I have not been able to check my e-mail for work from home, and my boss knows that (or so I thought), and when I had asked for a blackberry so that I was able to get important e-mails he said they didn't have an extra account for me at this time. Okay, fine, I work my 20 hours and am available by cell phone. Unfortunately, there was a writer who asked about using a particular quote from my boss in a story, and for some reason, my mind was telling me it wasn't that urgent. I did communicate the quote to my boss and he sent me an e-mail with a new quote, but it came to my work e-mail after I had left on Wednesday, and since I wasn't back in the office until Tuesday of the following week, I completely missed getting the information.
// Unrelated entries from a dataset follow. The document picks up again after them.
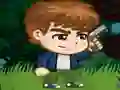 Joc The Ironic Zombie on-line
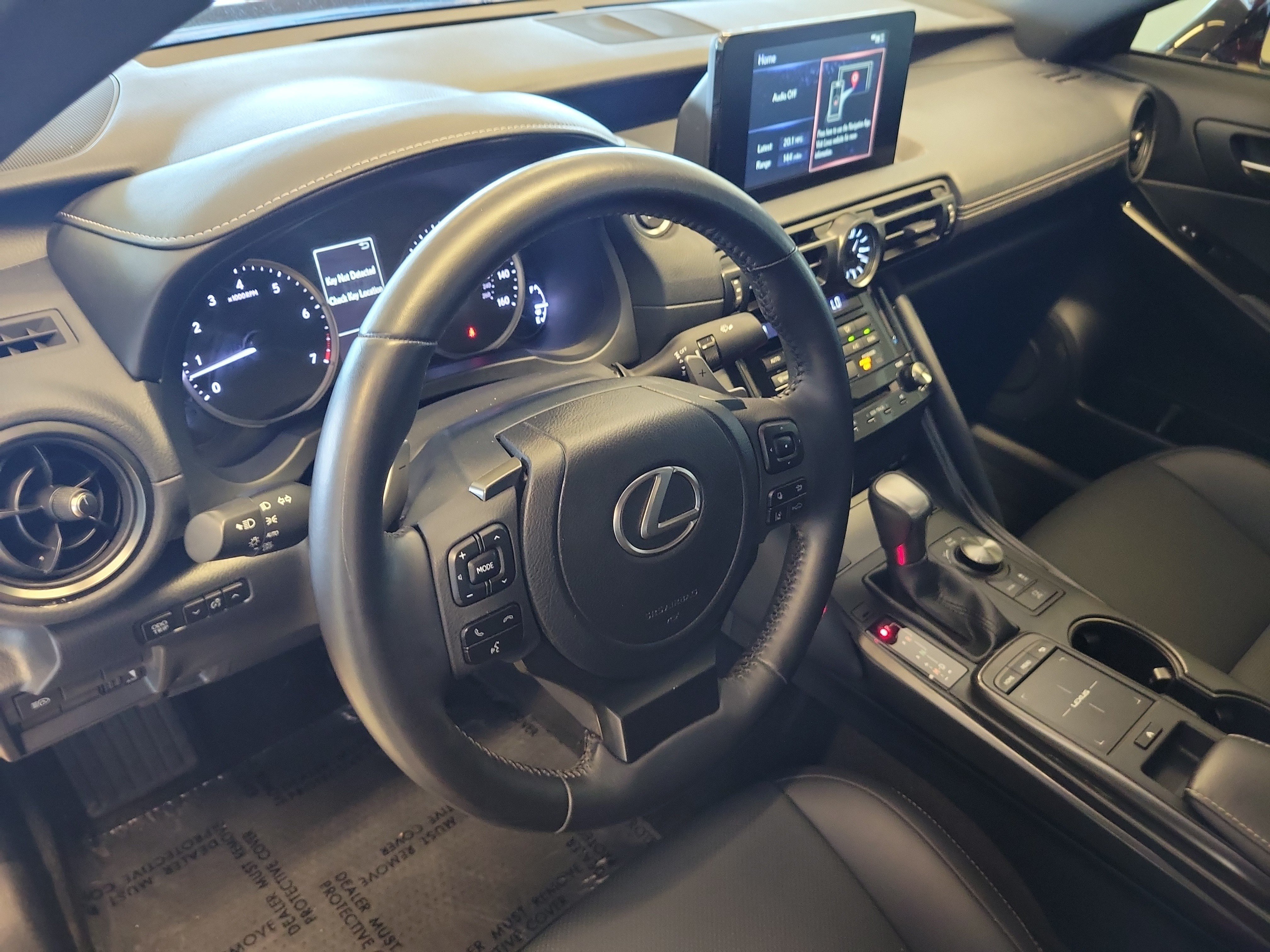 Used 2024 Lexus IS 350 F Sport RWD image 24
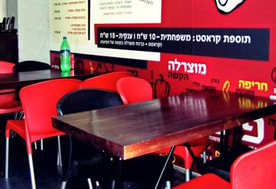 פיצה מאנצ'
Sure enough, on Tuesday, his quote was staring me in the face, in print, centerspread. I knew I was screwed. I sent him an e-mail alerting him about it, and he sent me an e-mail that took me to task for not doing my job. I know I screwed up, but really, how much can I keep juggling in my mind and on my plate without something falling through the cracks?! I know, I know, I get paid to do that job, so that should be my priority, but lately, Owen's IEP has been my priority because it determines the next part of his life!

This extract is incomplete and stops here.